**AIM OF THE EXERCISE:** Wherever a picture appears, skip it and retype the rest of the data exactly.

◇ ◇ ◇

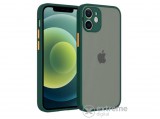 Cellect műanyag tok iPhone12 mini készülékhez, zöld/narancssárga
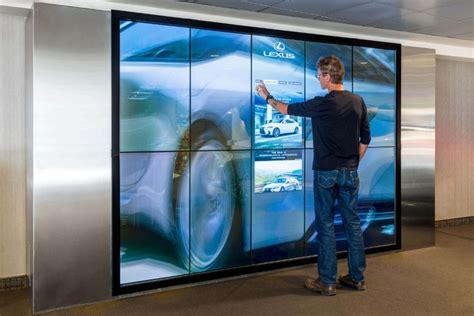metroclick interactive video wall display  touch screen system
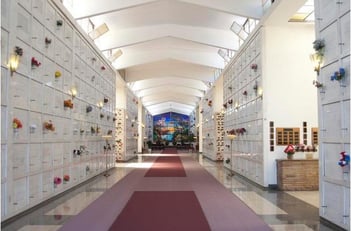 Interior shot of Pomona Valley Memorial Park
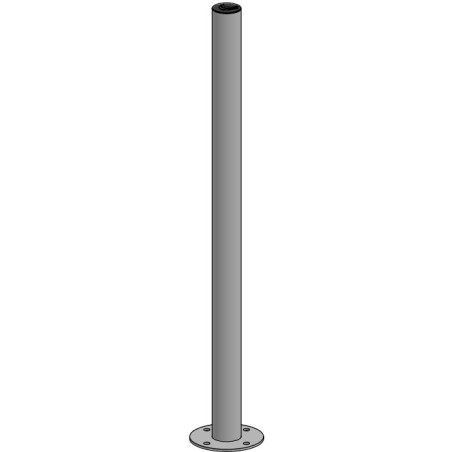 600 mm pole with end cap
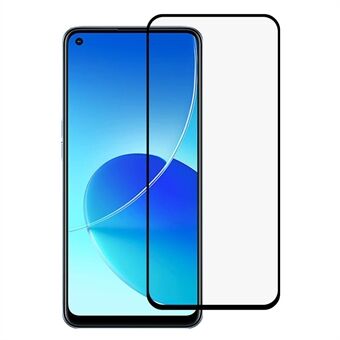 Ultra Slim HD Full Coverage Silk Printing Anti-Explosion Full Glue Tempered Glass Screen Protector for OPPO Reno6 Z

◇ ◇ ◇

**REPLY:**
 Cellect műanyag tok iPhone12 mini készülékhez, zöld/narancssárga
metroclick interactive video wall display  touch screen system
 Interior shot of Pomona Valley Memorial Park
 600 mm pole with end cap
 Ultra Slim HD Full Coverage Silk Printing Anti-Explosion Full Glue Tempered Glass Screen Protector for OPPO Reno6 Z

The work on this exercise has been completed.